New reports deepen US-Merkel spy row

Written By Unknown on Minggu, 27 Oktober 2013 | 20.24

27 October 2013 Last updated at 08:31 ET

Fresh reports in German media based on leaked US intelligence documents are prompting damaging new questions about the extent of US surveillance.

Der Spiegel suggests the US has been spying on German Chancellor Angela Merkel's mobile phone since 2002.

Another report says Mr Obama was told in 2010 about the surveillance and failed to stop it.

The spy row has led to the worst diplomatic crisis betweeen the two countries in living memory.

Leaked documents say a US listening unit was based in its Berlin embassy - and similar operations were replicated in 80 locations around the world.

The German interior minister has been quoted as saying such an operation, if confirmed, would be illegal.

On Friday, Germany and France said they wanted the US to sign a no-spy deal by the end of the year.

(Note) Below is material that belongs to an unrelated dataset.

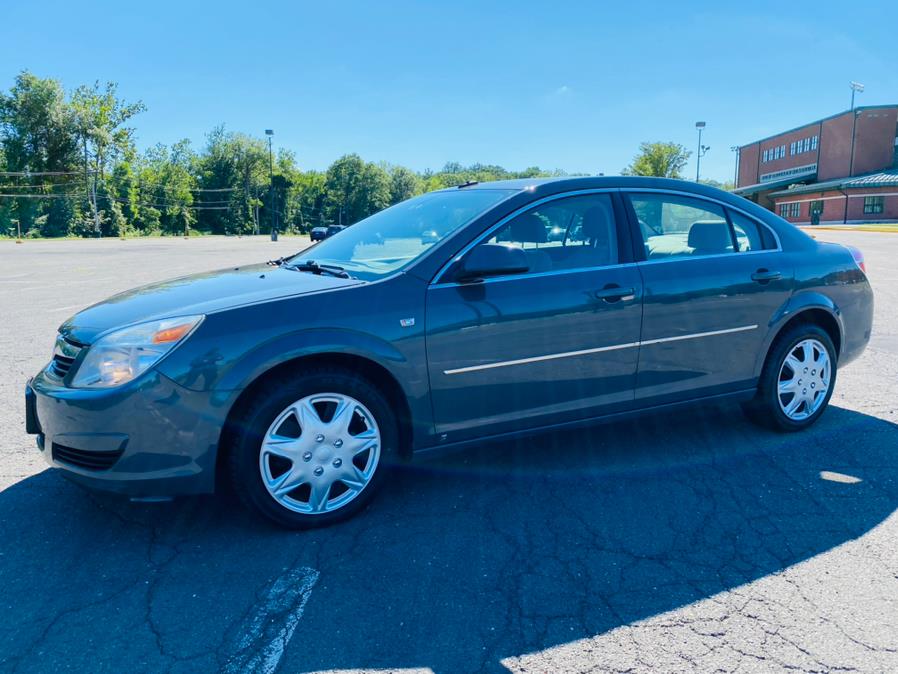 2008 Saturn Aura 4dr Sdn XE, available for sale in New Britain, Connecticut | Supreme Automotive. New Britain, Connecticut 2008 Saturn Aura 4dr Sdn XE, available for sale in New Britain, Connecticut | Supreme Automotive. New Britain, Connecticut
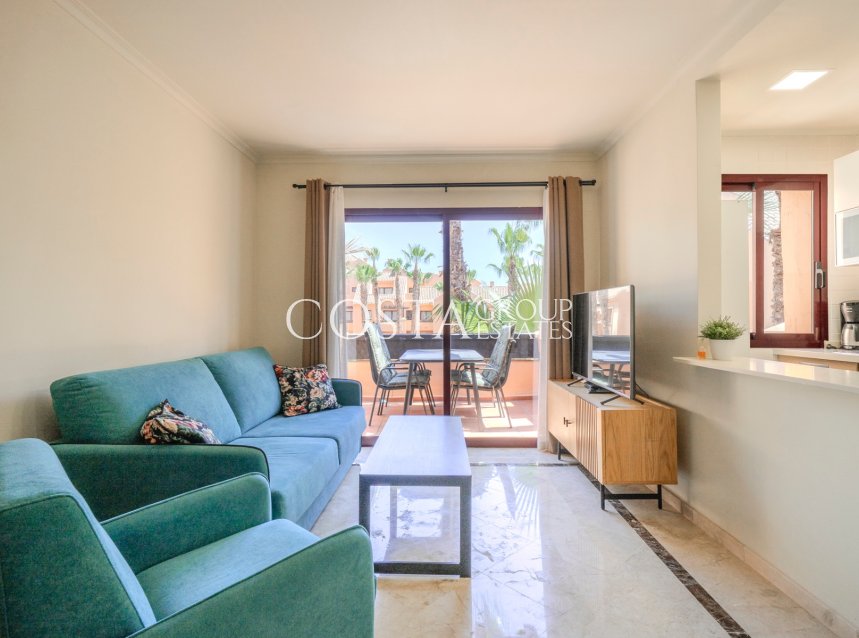 Herverkoop - Apartments -
Los Alcazares - Los Montesinos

As well as the bugging of Mrs Merkel's phone, there are claims the NSA has monitored millions of telephone calls made by German and French citizens.

'Obama's green light'

Der Spiegel claims to have seen secret documents from the National Security Agency which show Mrs Merkel's number on a list dating from 2002 - three years before she became chancellor.

This might indicate that there was extensive bugging of the phones of prominent people, says the BBC's Stephen Evans in Berlin.

The nature of the monitoring of Mrs Merkel's mobile phone is not clear from the files, Der Spiegel says.

For example, it is possible that the chancellor's conversations were recorded, or that her contacts were simply assessed.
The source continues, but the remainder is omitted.